Police Brutality

While harassment from everyday people was common for the activists in the civil rights movement, it was often encouraged by police brutality. Protesters were broken up by the police, mostly by force. This included people being sprayed with fire hoses, attacked by police dogs, or beaten by policemen. It also encompassed police homicides, unlawful arrests, assaults, abusive language, and racial slurs, as well as the sexual exploitation of black women. These attacks were targeted at anyone and everyone: women, men, teenagers, old, or young. All people of color and their counterparts who supported the cause. Even though police brutality had been expressed as a political issue long before the civil rights movement, it became an increasingly bigger threat during this time. If people were not enraged by the treatment of activists by other white people, they surely were when violence from the police appeared on the news. Not only were people upset for African Americans, but also their safety as well.

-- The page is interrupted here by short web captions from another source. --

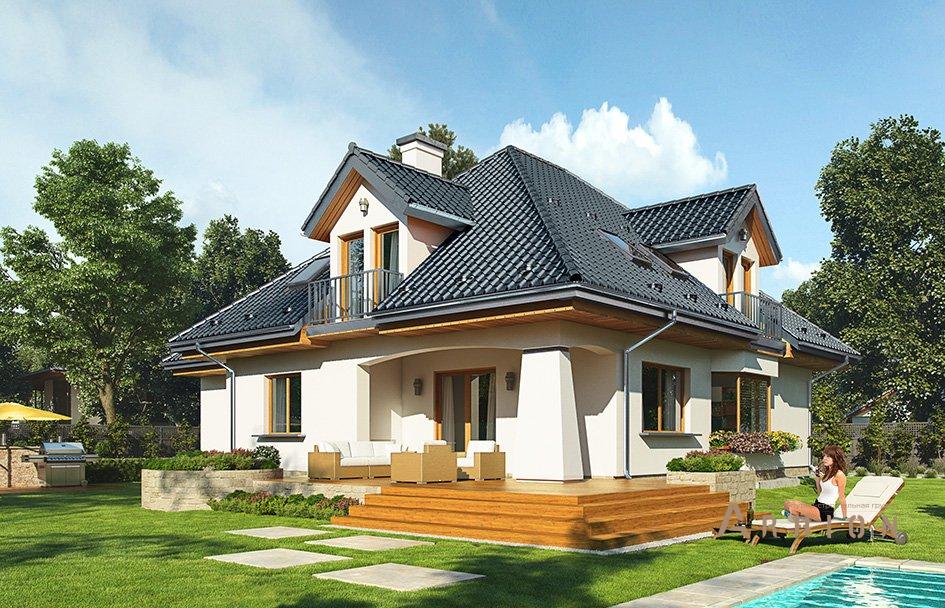 2. Проект одноэтажного дома в европейском стиле с четырехскатной, mp-007, площадью - 309 кв c мансардой, терассой, балконом, гаражом, эркером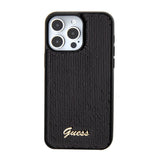 Apple iPhone 15 Pro Max Kılıf Guess Pullu Metal Yazı Logolu Sequin Script Kapak Siyah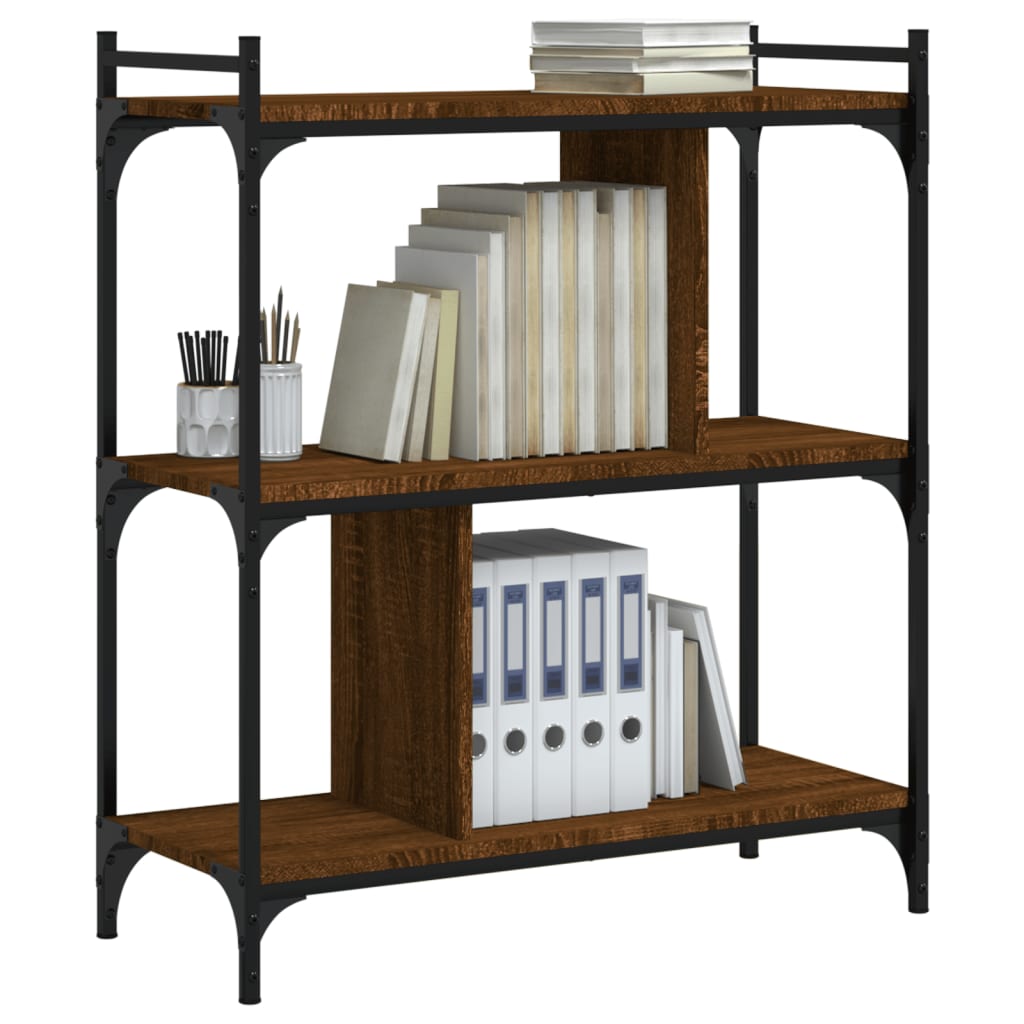 vidaXL Bibliotecă cu 3 niveluri, stejar maro 76x32x88 cm lemn compozit vidaXL Bibliotecă cu 3 niveluri, stejar maro 76x32x88 cm lemn compozit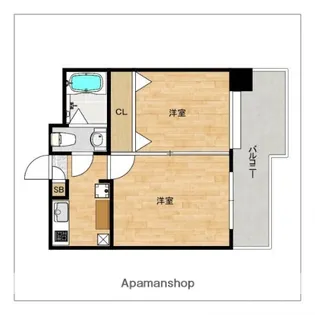エステートモア薬院シャンブル【3階】の間取り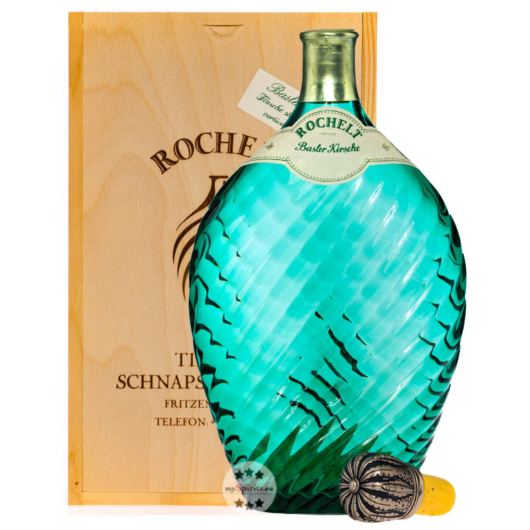 Rochelt Basler Kirsche Edelbrand aus Süßkirschen / 50 % Vol. 0,7 L Flasche in Holzkiste inkl. 12,00 € Pfand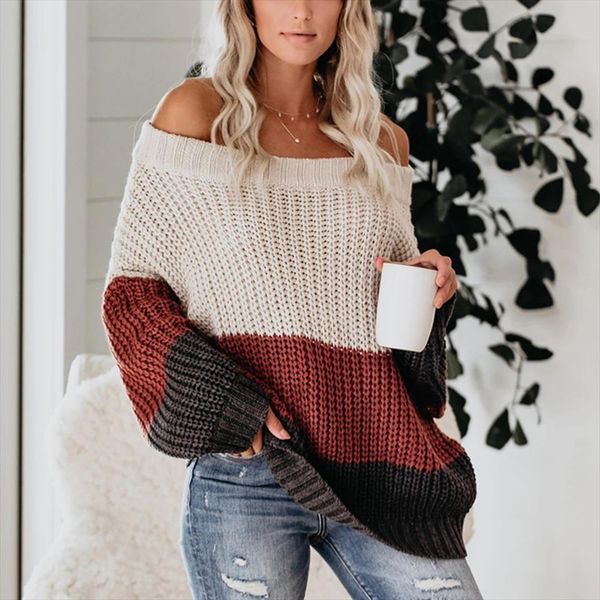 

women slash neck off shoulder striped sweaters autumn winter loose patchwork jumpers long sleeve knitted pullover sweater, White;black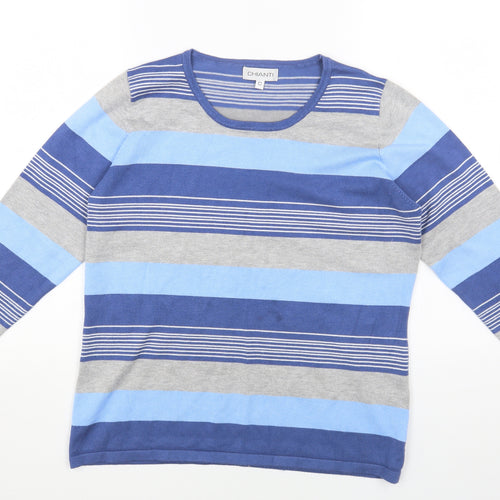 CHIANTI Mens Multicoloured Striped Viscose Pullover Sweatshirt Size L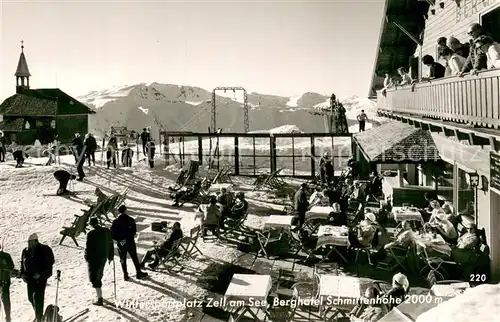 AK / Ansichtskarte Zell_See_AT Berghotel Schmittenhoehe Sonnenterrasse Skilift 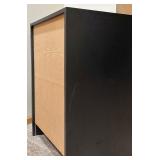 Black Side Table with Drawer Storage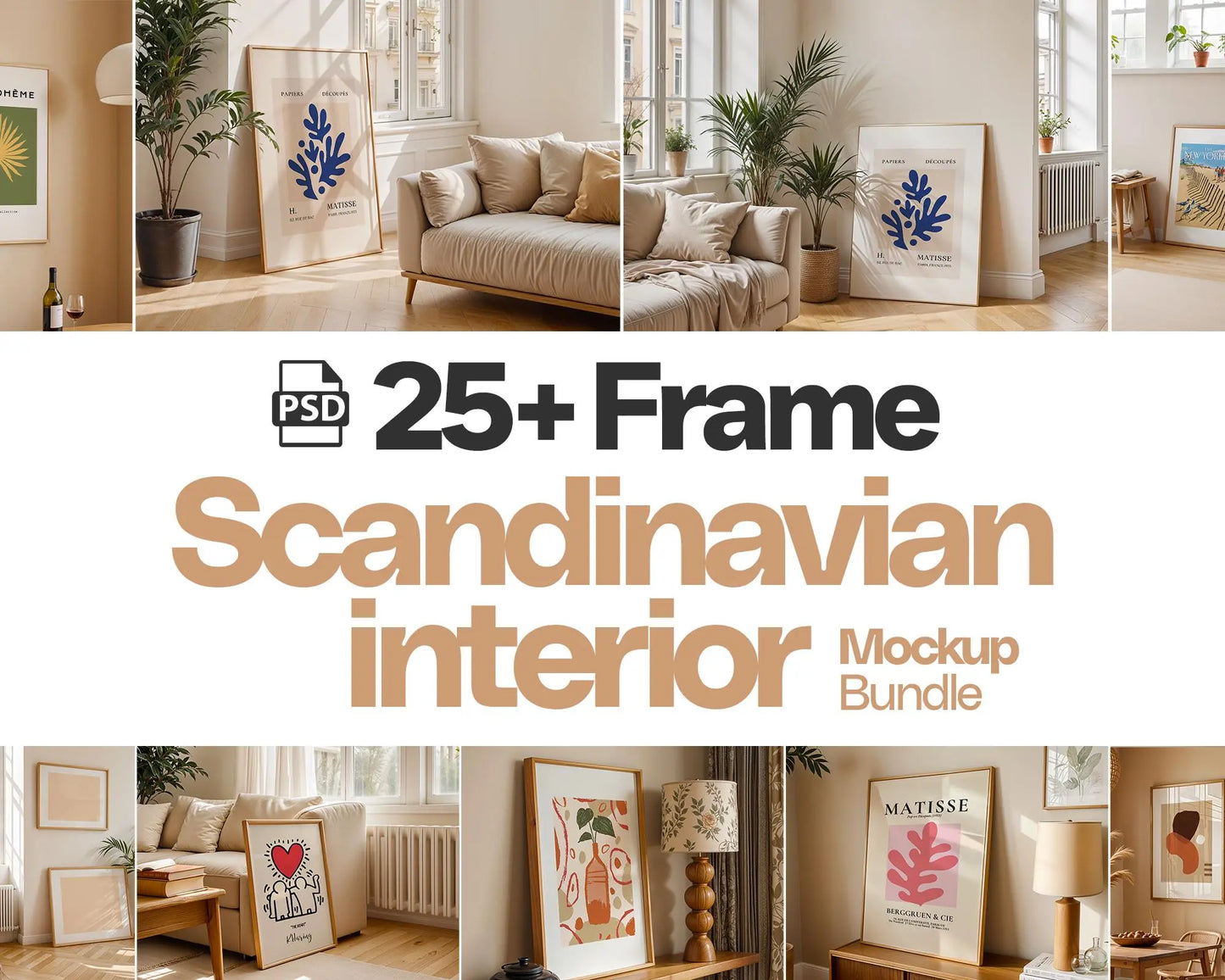 25 Scandinavian Frame Mockup PSD Bundle Set, Scandinavian interior Frame Mockup Bundle, Minimal Frame Mockups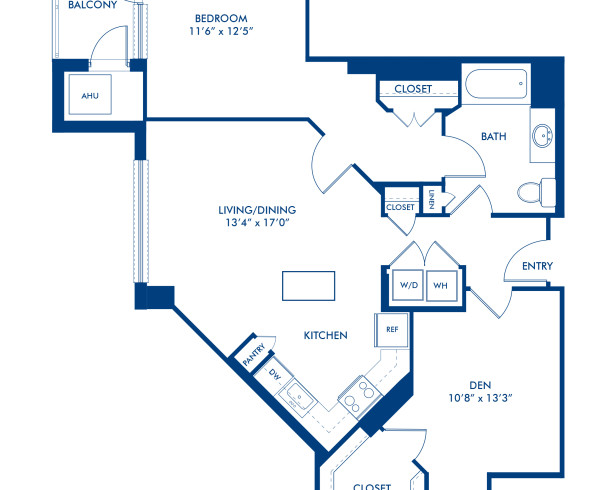 Blueprint of A9-A Floor Plan, 1 Bedroom and 1 Bathroom at Camden NoMa Apartments in Washington, DC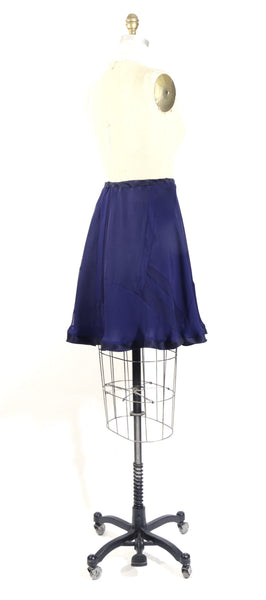 Navy Blue Patchwork Silk Chiffon Skirt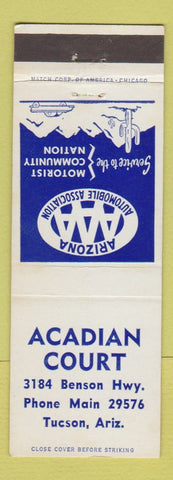 Matchbook Cover - Acadian Court Motel Tucson AZ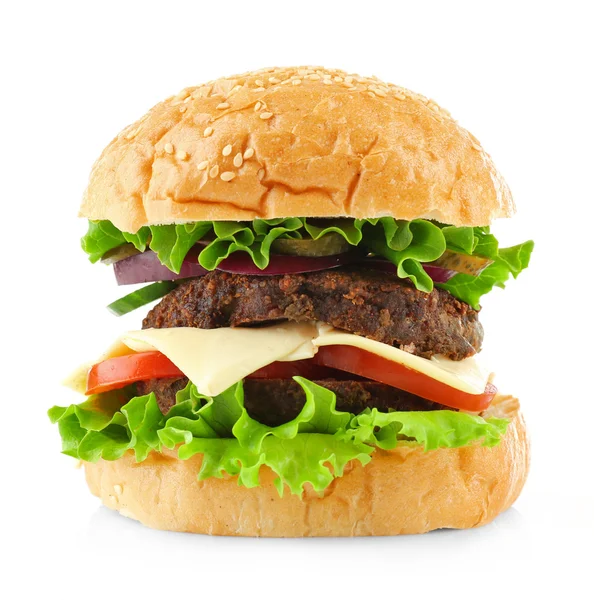 Вкусный большой гамбургер — стоковое фото
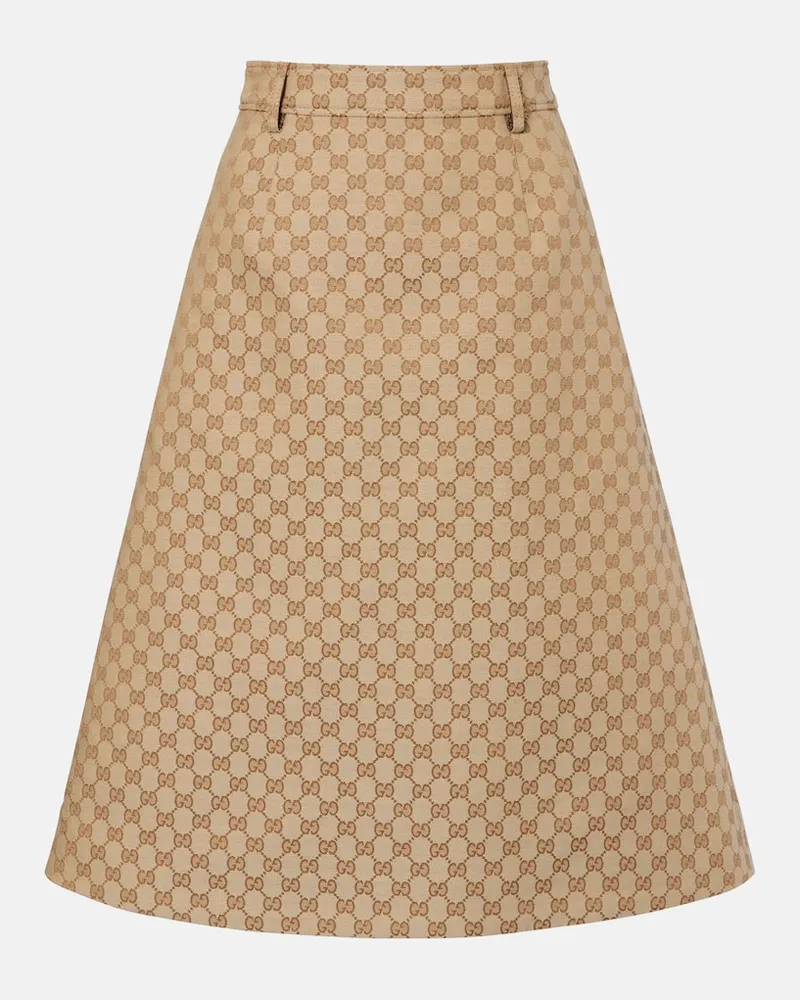 Gucci Midirock GG aus Canvas Beige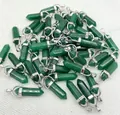 Green natural stone hexagonal bullet pendants with silver metal bail for necklaces - Dyed Green Stone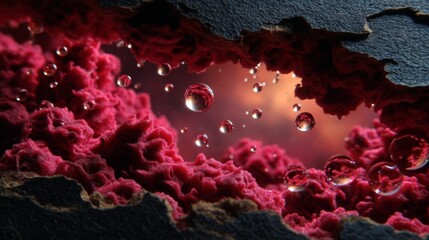 Macro Abstract: Glowing Red Texture with Floating Water Droplets and Dark Edges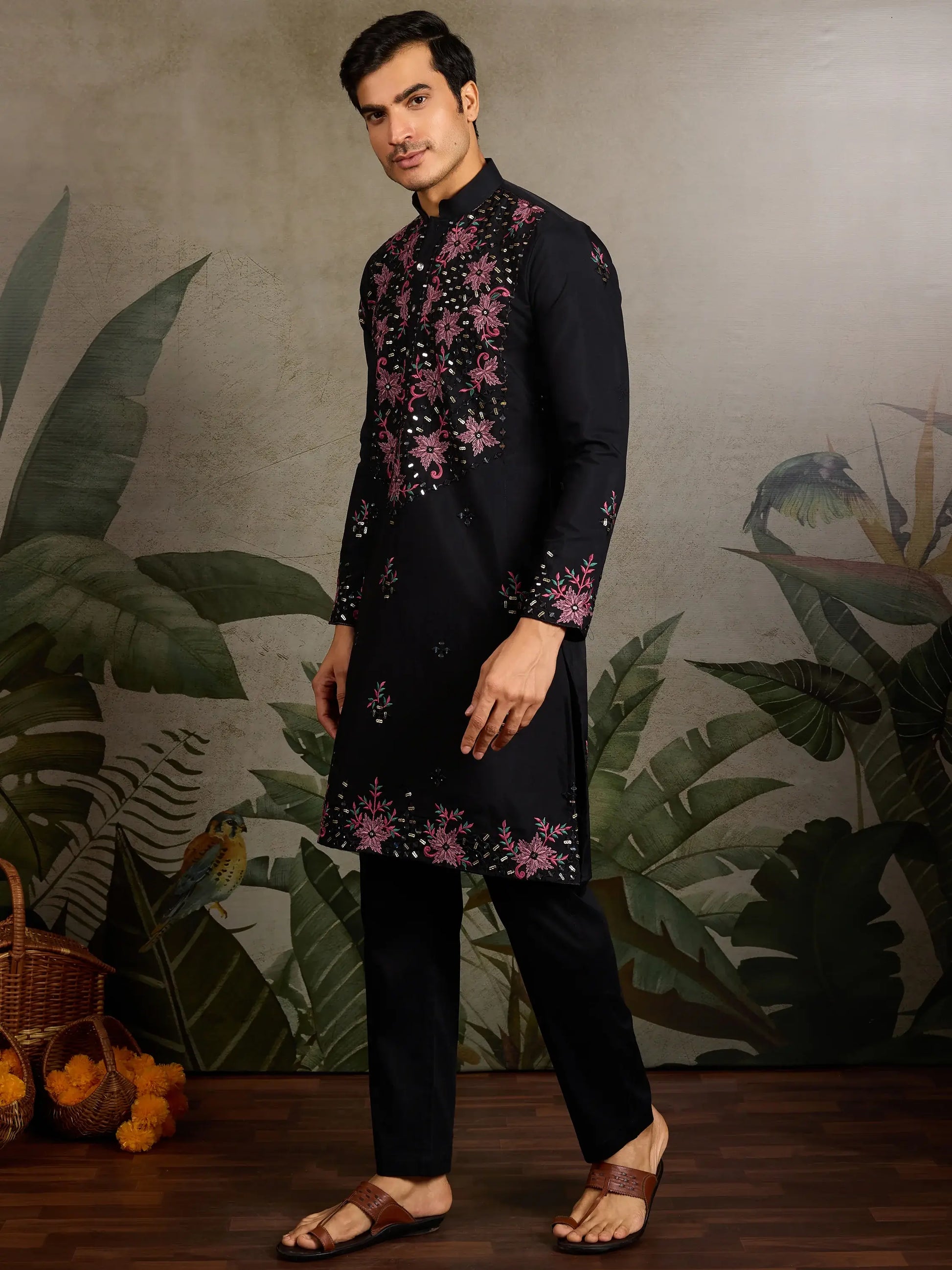 Tremendous Black Mirror Work Viscose Silk Event Wear Men Kurta Set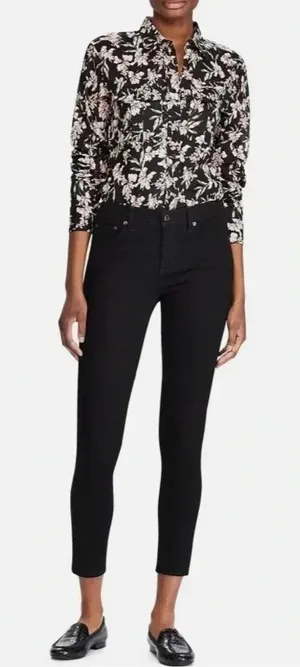 Lauren Ralph Lauren Courtenay black with pink floral design top size small thumbnail 1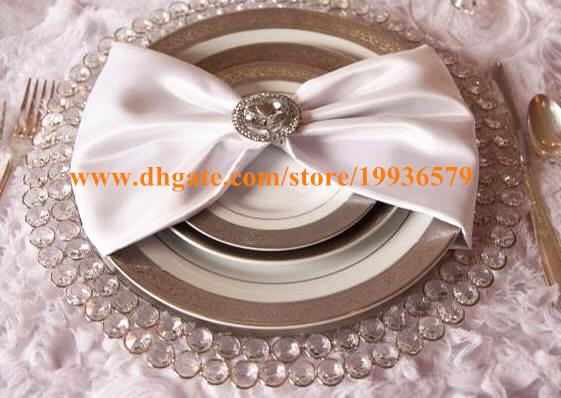 Wholesale 33cm Round Gold Silver Glass Crytal Beaded Charger Plate Wedding Table Decoration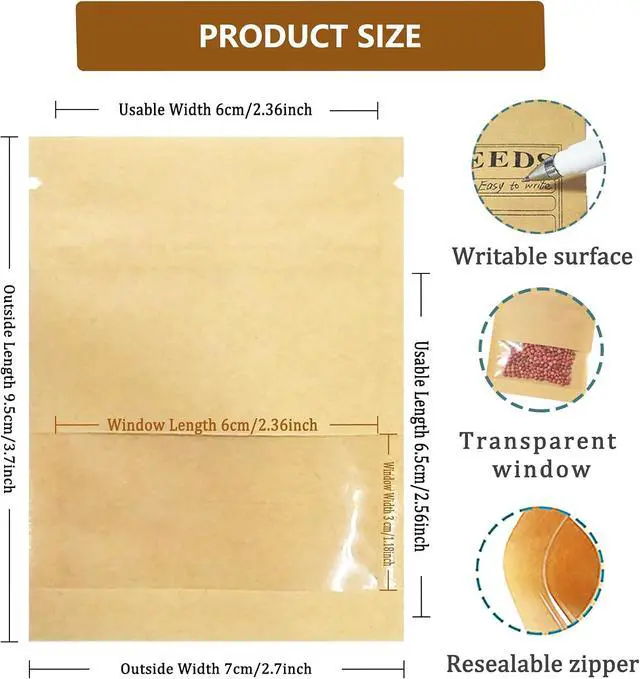 Alt view image 2 of 6 - FERENLI 100 Pack 2.7x3.7 inch Seed Envelopes Packets with Clear Window | Small Resealable Brown Kraft Paper Bags with Preprinted Collecting Template for Storage Organizing Flower Vegetable Seeds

Stop Police Brutality, Freedom Vote Elect Aaron Henry

Resistance among the police force continued, ignoring citizen calls for reform and review of the police system. However, the police department had the support of politicians, segregationists, district attorneys, judges, and white supremacist groups to carry out this form of violence in the streets. Activists almost always expected to stay a night or two in jail, the police beating of prisoners was never a surprise, and the availability of justice for the black defendants in the courts was limited, if there at all. Yet, the civil rights activists pushed on. They, too, resisted police violence by staging sit-ins, boycotts, picketing, and armed confrontations like the Black Panthers. Ironically, police brutality in the cities served to unify the communities and created more friends for the civil rights movement.

 

Black Panthers, Anti-War March

The Black Panther Party (BPP) was a group of black-power activists, founded in 1966. They sought to provoke and use black rage against racism and went against the nonviolent mantra of the civil rights movement. These men represented a masculine picture of black power and, through similar force of the military, they sought revenge against racist police, as well as other white supremacists. Wearing military-style clothing and armed with guns, the BPP followed police vehicles and made their presence known during police arrests of black citizens. What made their group well-known among others was their armed protests, direct confrontation with the police, and being ready and willing to fight back against white violence. Also carrying copies of the Bill of Rights, the BPP believed that they could end police brutality in black communities by organizing black self-defense groups. This group hoped to empower the black population and insisted on their rights to self-defense.